Nordirland wird aufgrund des britischen Brexit-Referendums im Jahr 2016 die Europäische Union nächstes Jahr verlassen müssen, obwohl eine Mehrheit seiner Bürger*innen für den Verbleib in der EU gestimmt hatte. Innerhalb des kleinen Landes verlief das knappe Ergebnis eng entlang der konfessionellen Linien. Während die protestantischen Unionist*innen für den Austritt stimmten, sind die katholischen Nationalist*innen für einen Verbleib in der EU.

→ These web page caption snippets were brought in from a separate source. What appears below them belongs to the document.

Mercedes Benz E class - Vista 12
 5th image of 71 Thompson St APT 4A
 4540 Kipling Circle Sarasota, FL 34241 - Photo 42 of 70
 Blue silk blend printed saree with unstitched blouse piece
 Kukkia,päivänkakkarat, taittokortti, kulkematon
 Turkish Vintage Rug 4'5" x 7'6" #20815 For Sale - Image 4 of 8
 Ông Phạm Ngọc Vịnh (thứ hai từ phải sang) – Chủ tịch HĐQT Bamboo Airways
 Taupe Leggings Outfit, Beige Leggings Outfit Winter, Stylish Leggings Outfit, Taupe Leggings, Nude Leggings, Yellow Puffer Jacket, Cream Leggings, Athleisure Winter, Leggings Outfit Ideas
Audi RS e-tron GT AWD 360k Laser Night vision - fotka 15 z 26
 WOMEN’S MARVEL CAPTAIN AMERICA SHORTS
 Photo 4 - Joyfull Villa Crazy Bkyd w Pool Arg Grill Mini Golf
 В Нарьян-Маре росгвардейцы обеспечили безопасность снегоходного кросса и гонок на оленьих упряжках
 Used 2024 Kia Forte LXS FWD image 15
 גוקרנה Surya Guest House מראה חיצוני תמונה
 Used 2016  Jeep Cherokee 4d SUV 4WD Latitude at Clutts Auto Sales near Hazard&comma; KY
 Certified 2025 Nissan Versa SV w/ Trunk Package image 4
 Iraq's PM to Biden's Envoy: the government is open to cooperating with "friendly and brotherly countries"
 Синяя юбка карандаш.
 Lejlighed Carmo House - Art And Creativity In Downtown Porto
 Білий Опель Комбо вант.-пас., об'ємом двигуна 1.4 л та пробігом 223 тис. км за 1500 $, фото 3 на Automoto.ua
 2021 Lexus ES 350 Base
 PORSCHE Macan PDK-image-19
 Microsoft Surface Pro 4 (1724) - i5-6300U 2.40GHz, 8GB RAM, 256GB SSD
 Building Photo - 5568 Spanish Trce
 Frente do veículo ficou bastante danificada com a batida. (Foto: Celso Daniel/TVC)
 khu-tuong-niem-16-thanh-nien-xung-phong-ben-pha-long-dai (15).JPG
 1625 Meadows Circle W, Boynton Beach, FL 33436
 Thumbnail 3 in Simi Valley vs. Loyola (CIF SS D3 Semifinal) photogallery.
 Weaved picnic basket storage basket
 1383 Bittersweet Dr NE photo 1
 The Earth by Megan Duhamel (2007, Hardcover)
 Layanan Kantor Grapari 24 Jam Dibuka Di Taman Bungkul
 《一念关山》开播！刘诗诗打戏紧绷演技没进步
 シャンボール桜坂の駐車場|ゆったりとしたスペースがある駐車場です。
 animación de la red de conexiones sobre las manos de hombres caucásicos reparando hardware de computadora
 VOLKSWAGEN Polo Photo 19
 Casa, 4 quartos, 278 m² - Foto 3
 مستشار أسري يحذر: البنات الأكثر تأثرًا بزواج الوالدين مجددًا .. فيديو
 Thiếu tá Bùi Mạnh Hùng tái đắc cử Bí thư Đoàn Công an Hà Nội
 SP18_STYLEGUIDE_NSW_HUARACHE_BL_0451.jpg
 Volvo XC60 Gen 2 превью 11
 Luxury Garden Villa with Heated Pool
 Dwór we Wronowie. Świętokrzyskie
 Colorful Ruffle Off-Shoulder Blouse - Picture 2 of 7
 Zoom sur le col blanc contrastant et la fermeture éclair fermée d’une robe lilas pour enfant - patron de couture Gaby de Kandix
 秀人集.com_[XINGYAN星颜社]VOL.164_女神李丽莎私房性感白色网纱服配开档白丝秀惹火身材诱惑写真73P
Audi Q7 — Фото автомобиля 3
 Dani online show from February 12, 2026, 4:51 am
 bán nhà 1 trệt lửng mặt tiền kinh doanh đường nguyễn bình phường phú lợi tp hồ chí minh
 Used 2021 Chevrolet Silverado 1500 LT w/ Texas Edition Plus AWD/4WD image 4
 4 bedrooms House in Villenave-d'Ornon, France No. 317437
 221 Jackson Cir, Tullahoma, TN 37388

Nach beinahe 30 Jahren bürgerkriegsähnlichen Konflikts während der sogenannten „Troubles“ war eine grundlegende Bedingung des Friedensabkommens von 1998 eine offene Grenze zwischen Nordirland und der Republik Irland und somit zwischen dem Vereinigten Königreich und der EU. Diese Grenze wird nach dem Brexit wieder zu einer Außengrenze der Europäischen Union werden und es besteht die ernsthafte Sorge, dass eine solch harte Grenze den fragilen Friedensprozess aus den Fugen heben könnte.
Besonders auf die Zukunftsaussichten der jungen Generation könnte es sich negativ auswirken, wenn die alten Konflikte wieder aufbrechen, die noch nicht komplett überwunden, aber in den letzten Jahrzehnten zumindest befriedet schienen. So kennen alle unter 20-Jährigen die bewaffneten Auseinandersetzungen nur aus Erzählungen. Dennoch durfte die große Mehrheit eben dieser Generation aufgrund ihrer Minderjährigkeit beim Referendum nicht mit abstimmen.
Nun werden vor allem sozial schwache Viertel von einem EU-Austritt wirtschaftlich betroffen sein und die Gewalt wird auch ebenso in den klassischen Arbeitervierteln, den ehemaligen Hochburgen der IRA auf republikanischer und der UVF auf loyalistischer Seite wieder aufbrechen.
Denn vor allem hier wird von den Alten die Feindschaft weiter geschürt und die ehemaligen Paramilitärs bringen sich bereits jetzt wieder in Stellung. So hat die typische Bestrafung der IRA, das sogenannte „Kneecapping“, bei dem den Opfern ins Knie geschossen wird, laut der Belfaster Polizei in diesem Jahr bereits wieder drastisch zugenommen.
Das Foto-Essay zeigt, dass Teenager in Nordirland oft die gleichen Probleme haben, egal ob sie in protestantischen oder katholischen Vierteln leben. Obwohl eine Mehrheit von ihnen im Alltag noch immer keinen Kontakt zu Jugendlichen von „der anderen Seite der Mauer“ hat, wollen sie die alten Muster überwinden und ein Leben führen, wie sie es aus anderen Teilen Europas kennen. Die aber noch immer an einem Ort leben, an dem Gewalt, Misstrauen und Perspektivlosigkeit allgegenwärtig sind.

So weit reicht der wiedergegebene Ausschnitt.